Keywords: Sloth. Culpable dismissal. Concept. requirements
Sumário: Introdução. I. Conceito do instituto: doutrina trabalhista e administrativista. II. Requisitos da desídia: art. 117, inciso XV, da Lei nº. 8.112/90. Conclusão.
INTRODUÇÃO
A estabilidade no emprego é o sonho de muitos de trabalhadores que batalham por uma vaga no serviço público. Tal garantia protege o servidor de pressões hierárquicas e políticas, e também resguarda a própria administração, assegurando a continuidade dos serviços.

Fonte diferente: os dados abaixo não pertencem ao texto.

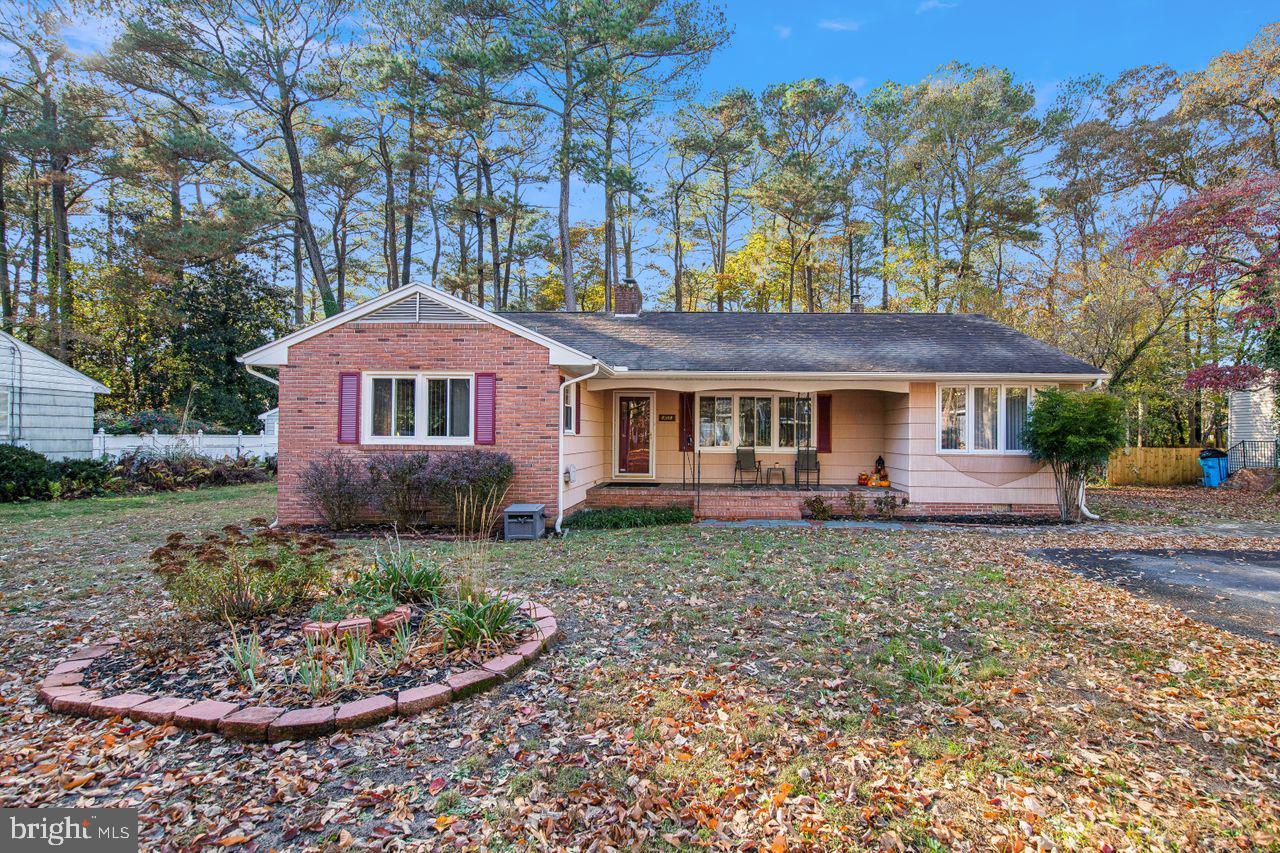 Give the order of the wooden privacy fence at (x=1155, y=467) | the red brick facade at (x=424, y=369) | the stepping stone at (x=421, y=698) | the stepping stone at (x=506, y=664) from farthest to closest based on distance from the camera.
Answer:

Entretanto, não faltam críticas à estabilidade funcional. Muitos acreditam que ela favorece a baixa qualidade do serviço público, uma vez que o servidor estável não teria compromisso com produtividade e eficiência. Contudo, a própria legislação traz uma série de deveres e proibições que, se não observados, geram punição. Da simples advertência à demissão, tudo depende da natureza e da gravidade da infração, do dano causado, das circunstâncias e dos antecedentes funcionais.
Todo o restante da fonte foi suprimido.